YOUR TASK
When the listing below reaches the line that has "Slea Head, Dingle", start reproducing exactly; stop after the line that has "y prácticas sostenibles", and drop the pictures.

-- RECORDS TO PROCESS follows --

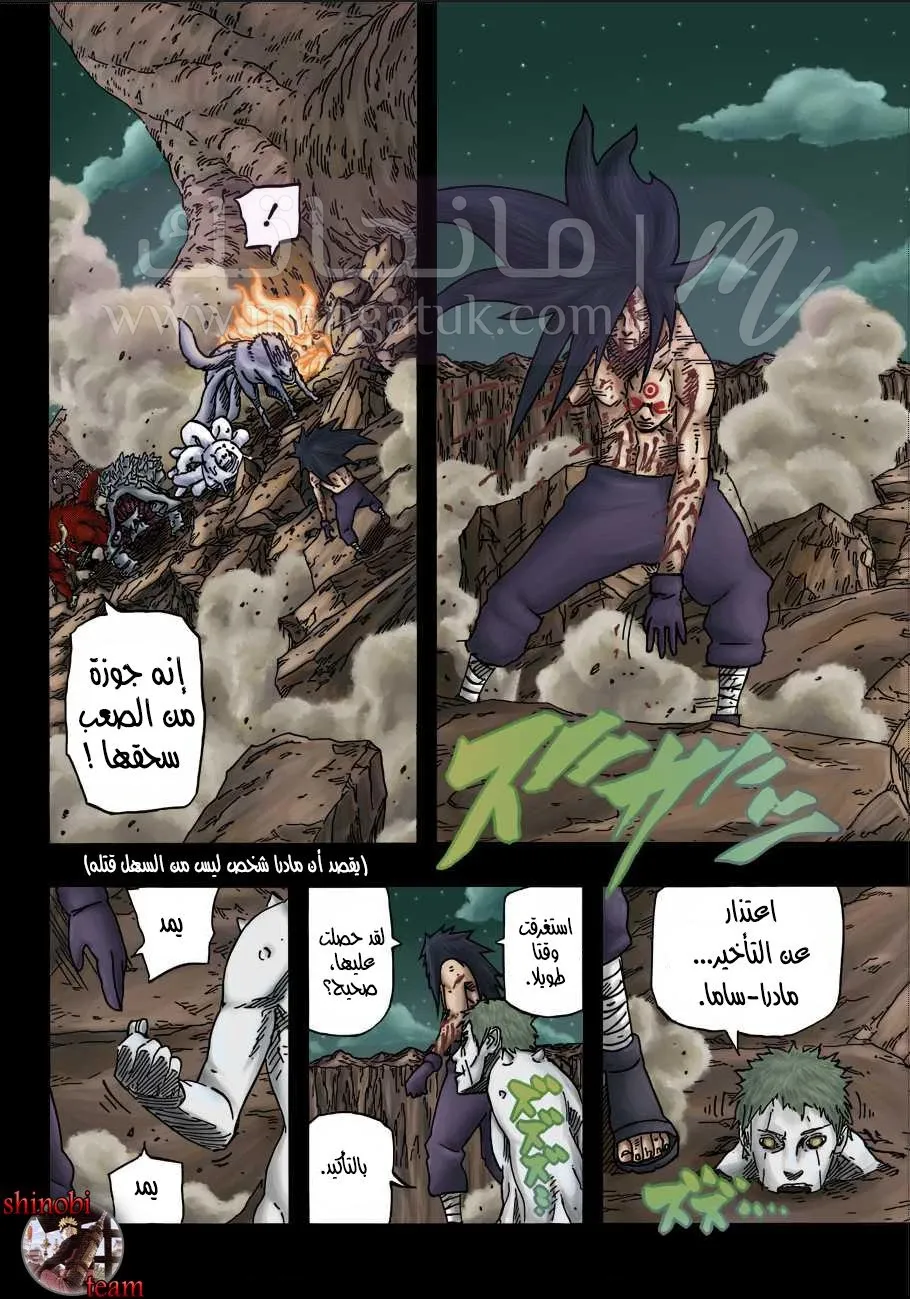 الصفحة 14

-- RECORDS TO PROCESS concluded --
-- RECORDS TO PROCESS follows --

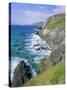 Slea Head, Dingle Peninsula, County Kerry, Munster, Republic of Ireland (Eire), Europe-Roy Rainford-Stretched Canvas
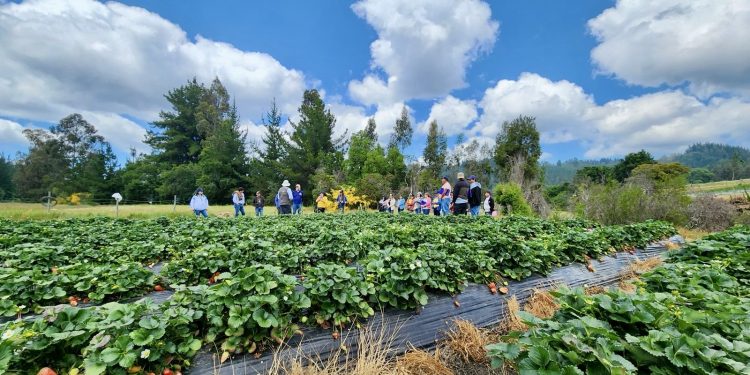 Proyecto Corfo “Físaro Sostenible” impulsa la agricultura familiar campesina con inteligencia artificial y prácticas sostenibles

-- RECORDS TO PROCESS concluded --

WRITTEN SOLUTION
 Slea Head, Dingle Peninsula, County Kerry, Munster, Republic of Ireland (Eire), Europe-Roy Rainford-Stretched Canvas
 Proyecto Corfo “Físaro Sostenible” impulsa la agricultura familiar campesina con inteligencia artificial y prácticas sostenibles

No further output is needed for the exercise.